In its recent annual report Wikimedia revealed that this new second data center would “enable safe failover in the case of disaster,” as well as “increase uptime by improving site monitoring, capacity planning and operations response.”
In an email interview with the WHIR, Wikimedia CTO Danese Cooper discusses the organization’s plans for the new data center in Virginia and how it will drastically improve service for Wikipedia and its other sites.
WHIR: When is the second US data center projected to begin and when is it expected to open?
Danese Cooper: The team started researching where to locate a new data center almost two years ago, but there just wasn’t enough money in the budget to do it. Luckily last winter’s fundraiser went really well, so we’ve already started visiting possible colocation facilities and shortly we’ll be opening an RFP. We hope to bring the new data center online by January 1st, 2011.
WHIR: What makes Virginia an ideal location to build the second US data center?
DC: Wikimedia Foundation projects are important to hundreds of millions of people now, and they deserve to be hosted in the best possible way. Most of the top 10 websites in the world host at least part of their traffic out of Ashburn, Virginia because of the Equinix facility and their superior interconnectivity options. When we were visiting around in June we saw cages populated by very well known and high-traffic entities, which made us feel right at home.
WHIR: As I understand, the foundation received a $2 million grant from Google earlier this year for data center expansions. Seeing as how the new data center is estimated to cost $3.47 million, where will the additional funds come from?

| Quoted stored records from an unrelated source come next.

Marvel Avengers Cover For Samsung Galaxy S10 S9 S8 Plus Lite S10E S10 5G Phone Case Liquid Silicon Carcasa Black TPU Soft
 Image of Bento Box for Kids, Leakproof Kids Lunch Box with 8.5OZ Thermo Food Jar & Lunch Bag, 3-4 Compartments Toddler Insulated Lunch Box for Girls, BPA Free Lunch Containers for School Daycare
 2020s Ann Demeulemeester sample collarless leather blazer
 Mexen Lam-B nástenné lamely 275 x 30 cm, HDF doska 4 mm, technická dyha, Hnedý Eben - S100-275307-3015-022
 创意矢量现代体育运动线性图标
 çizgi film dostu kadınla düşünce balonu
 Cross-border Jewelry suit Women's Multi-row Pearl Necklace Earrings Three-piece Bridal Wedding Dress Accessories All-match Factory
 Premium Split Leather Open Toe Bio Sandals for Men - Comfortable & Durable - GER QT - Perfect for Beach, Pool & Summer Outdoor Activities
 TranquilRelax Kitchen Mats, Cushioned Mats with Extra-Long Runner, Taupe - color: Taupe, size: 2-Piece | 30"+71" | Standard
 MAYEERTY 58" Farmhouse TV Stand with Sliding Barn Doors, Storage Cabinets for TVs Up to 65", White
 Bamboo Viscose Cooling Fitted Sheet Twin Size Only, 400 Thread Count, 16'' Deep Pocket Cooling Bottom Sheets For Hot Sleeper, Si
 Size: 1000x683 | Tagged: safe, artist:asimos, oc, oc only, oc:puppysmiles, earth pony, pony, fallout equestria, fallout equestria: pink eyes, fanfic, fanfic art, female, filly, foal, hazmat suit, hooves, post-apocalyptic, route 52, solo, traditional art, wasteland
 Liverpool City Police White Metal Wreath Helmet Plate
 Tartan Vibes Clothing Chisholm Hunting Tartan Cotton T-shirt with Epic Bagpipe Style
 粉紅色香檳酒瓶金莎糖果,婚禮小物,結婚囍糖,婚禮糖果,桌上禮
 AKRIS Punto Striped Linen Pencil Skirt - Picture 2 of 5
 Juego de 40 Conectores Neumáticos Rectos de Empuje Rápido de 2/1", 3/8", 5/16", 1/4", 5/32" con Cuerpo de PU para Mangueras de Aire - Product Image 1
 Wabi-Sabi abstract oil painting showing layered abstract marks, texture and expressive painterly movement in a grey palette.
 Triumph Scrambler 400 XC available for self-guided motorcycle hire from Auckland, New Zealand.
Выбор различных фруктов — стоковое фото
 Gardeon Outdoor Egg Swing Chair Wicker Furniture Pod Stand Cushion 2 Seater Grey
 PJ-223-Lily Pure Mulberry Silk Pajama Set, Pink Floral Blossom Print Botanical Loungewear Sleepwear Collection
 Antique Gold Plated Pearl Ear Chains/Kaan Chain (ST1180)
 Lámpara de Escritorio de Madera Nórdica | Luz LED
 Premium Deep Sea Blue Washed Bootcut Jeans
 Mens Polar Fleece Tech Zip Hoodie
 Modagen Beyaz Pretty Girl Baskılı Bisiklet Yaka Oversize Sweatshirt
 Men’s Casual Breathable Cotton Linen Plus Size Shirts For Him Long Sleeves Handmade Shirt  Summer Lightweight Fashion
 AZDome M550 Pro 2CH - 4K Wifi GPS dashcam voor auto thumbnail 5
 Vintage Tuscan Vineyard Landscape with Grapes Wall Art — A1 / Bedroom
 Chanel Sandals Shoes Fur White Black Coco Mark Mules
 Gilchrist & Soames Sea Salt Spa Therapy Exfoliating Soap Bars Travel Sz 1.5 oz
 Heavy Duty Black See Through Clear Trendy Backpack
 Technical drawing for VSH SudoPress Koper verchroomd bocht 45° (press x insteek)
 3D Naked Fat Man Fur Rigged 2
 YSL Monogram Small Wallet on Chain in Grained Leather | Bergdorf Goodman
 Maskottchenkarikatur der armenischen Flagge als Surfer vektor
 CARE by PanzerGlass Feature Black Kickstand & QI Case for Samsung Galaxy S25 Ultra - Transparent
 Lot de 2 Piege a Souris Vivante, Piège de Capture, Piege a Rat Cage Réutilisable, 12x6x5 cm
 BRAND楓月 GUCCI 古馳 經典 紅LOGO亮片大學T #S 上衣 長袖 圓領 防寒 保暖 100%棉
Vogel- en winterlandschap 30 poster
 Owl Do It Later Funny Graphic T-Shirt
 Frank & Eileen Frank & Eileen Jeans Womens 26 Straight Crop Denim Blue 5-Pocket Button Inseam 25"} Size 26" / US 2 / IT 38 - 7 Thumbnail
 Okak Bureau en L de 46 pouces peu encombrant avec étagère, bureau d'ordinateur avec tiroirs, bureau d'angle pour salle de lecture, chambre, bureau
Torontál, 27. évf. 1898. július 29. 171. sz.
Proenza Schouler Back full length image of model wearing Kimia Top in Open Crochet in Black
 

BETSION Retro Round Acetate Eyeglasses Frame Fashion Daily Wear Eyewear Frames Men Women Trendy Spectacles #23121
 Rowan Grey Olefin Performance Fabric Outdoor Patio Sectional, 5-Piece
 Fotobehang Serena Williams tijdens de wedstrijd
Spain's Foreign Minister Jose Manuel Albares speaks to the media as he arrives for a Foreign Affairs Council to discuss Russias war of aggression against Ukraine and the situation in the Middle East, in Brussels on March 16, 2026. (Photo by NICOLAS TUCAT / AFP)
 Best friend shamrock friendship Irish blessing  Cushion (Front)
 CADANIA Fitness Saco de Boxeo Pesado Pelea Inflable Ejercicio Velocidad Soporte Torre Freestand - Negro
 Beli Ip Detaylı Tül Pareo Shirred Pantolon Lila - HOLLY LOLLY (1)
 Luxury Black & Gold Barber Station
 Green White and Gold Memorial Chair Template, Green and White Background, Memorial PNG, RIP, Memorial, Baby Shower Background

DC: When you build out something big like a second data center, you figure out what it’s going to cost and you find the budget to do it. And then if you’re a non-profit like we are you work as hard as you can to find in-kind donations to bring the project in under budget (so you can re-allocate part or all of the earmarked budget on “other things”). So the entire budget for this project is already allocated by the board as part of the general budgeting process for the Foundation’s work this year, and although we allocated 100 percent of what we think it’s going to cost to build, we’re hoping to bring it in far under that amount. By the way, the generous grant from Google Labs was actually unrestricted, meaning it isn’t earmarked for a specific project. It’s gone into the general operating budget.
WHIR: How will having a second US data center in place prevent future outages?
DC: Both the outages that have happened since I joined in February were directly related to cooling or electrical failures. The facilities we are visiting in Virginia all have super efficient heat-exchange designs and very elaborate auxiliary power setups (including massive generators that kept customer sites up during complete city grid power outages as a result of “Snowpocalypse” last winter). These facilities are purpose-built for high-traffic hosting, with very robust electrical and building designs. Our mandate is to double the number of people we serve within the next five years, and to do that we’re going to need an even more stable base than we rely upon today.
WHIR: Are there any plans (or is there even need) for a second European data center after the second US data center?
DC: We don’t actually have a full data center now in Europe. We do run a caching center in Amsterdam, for which the hosting is generously donated by a company called EvoSwitch. The plan is that once we’ve brought the Ashburn data center online, we will always maintain redundancy (eg. two full data centers) so if one fails we can still serve our traffic. In the coming years we may change the configuration a bit. For instance we may add additional caching centers to serve areas where latency is still a big problem, or we may look at locating our second data center somewhere other than Tampa. We may eventually need to add another data center somewhere in Asia if our plans to stimulate increased participation there succeed. Right now it’s just really critical to upgrade our baseline.